- [WORK ITEM]: In the lines below, output everything from the first line through the line containing "Overhead of Grilled" exactly as it is. Pictures are not part of the output.

- [SUPPLIED MATERIAL]:
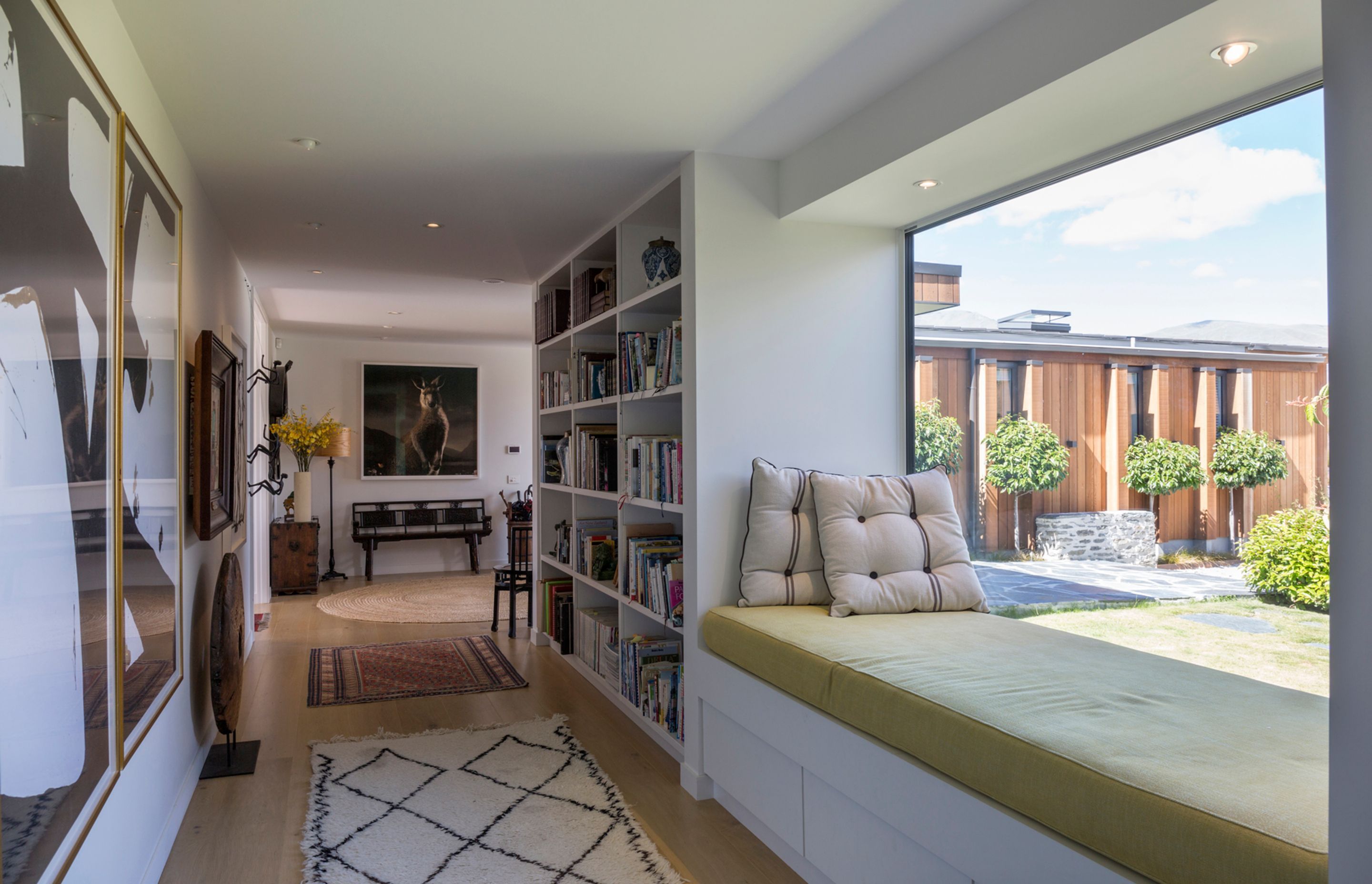 The hallways are wide enough that they can be used as another space rather than just circulation corridors, coupled with the window seat, this area makes for a cosy reading nook.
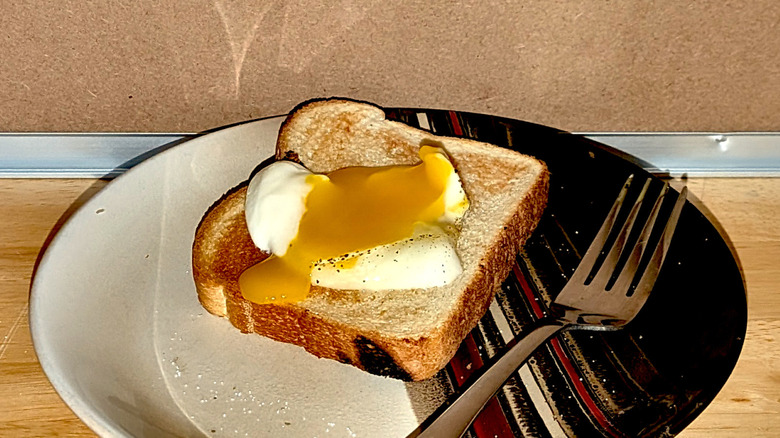 A microwaved poached egg on a plate cut open so the runny yolk is visible on a piece of toast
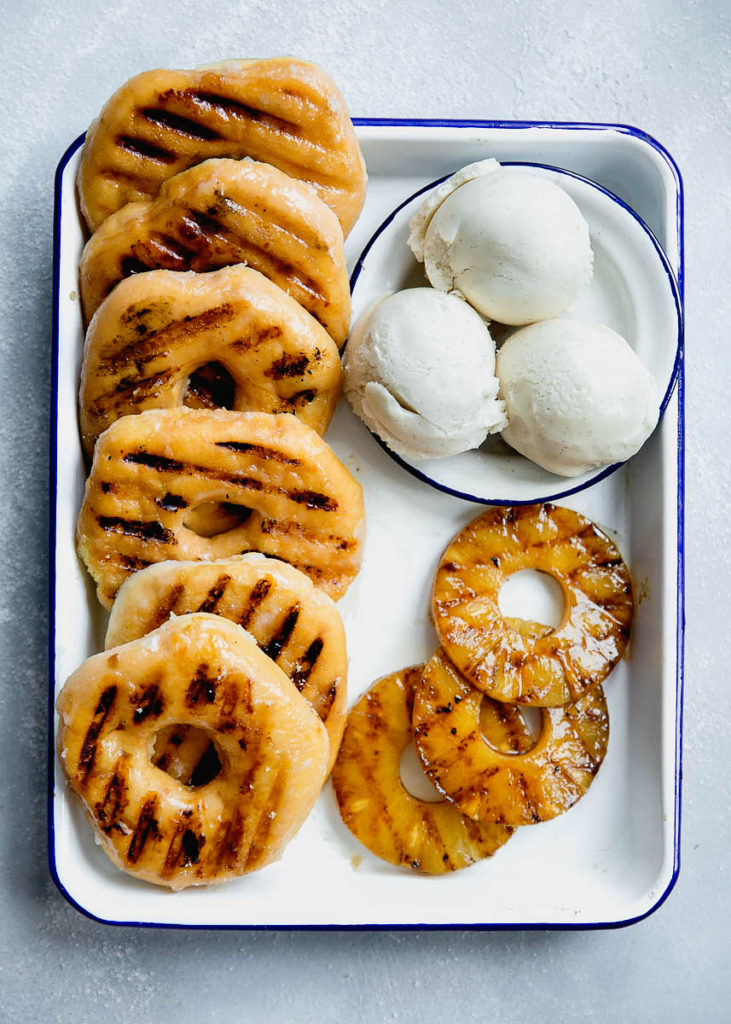 Overhead of Grilled Pineapple slices and grilled donuts with vanilla ice cream on a white tray 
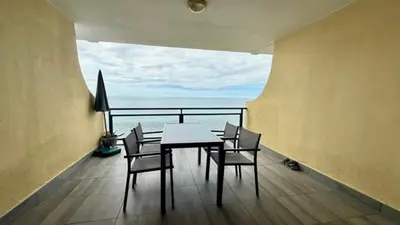 a table and chairs in a room with a view of the ocean at Sea Haven in Funchal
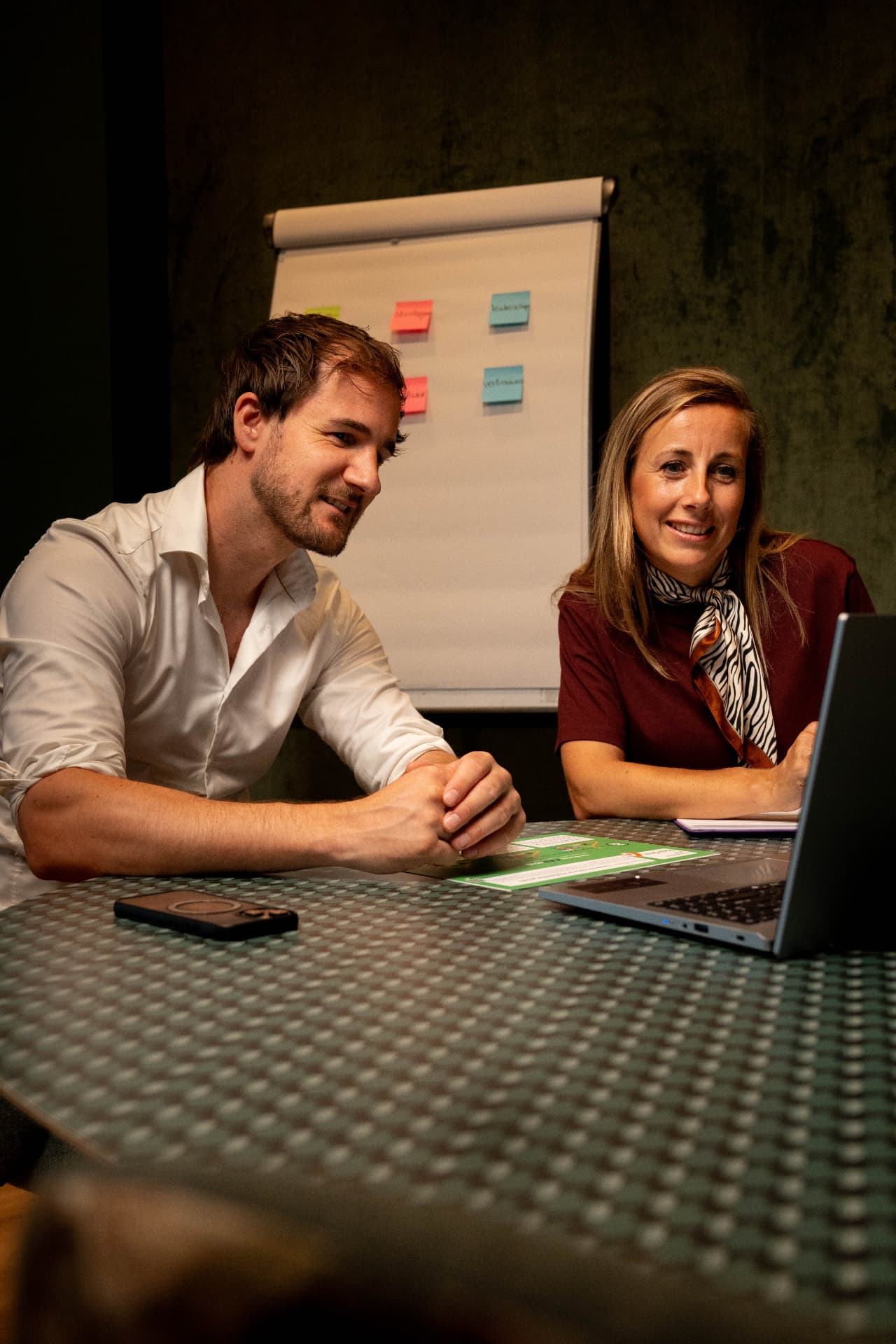Twee collega's bekijken samen het ontwikkelplan op een laptop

- [SOLUTION FOR THIS TASK]:
 The hallways are wide enough that they can be used as another space rather than just circulation corridors, coupled with the window seat, this area makes for a cosy reading nook.
 A microwaved poached egg on a plate cut open so the runny yolk is visible on a piece of toast
 Overhead of Grilled Pineapple slices and grilled donuts with vanilla ice cream on a white tray 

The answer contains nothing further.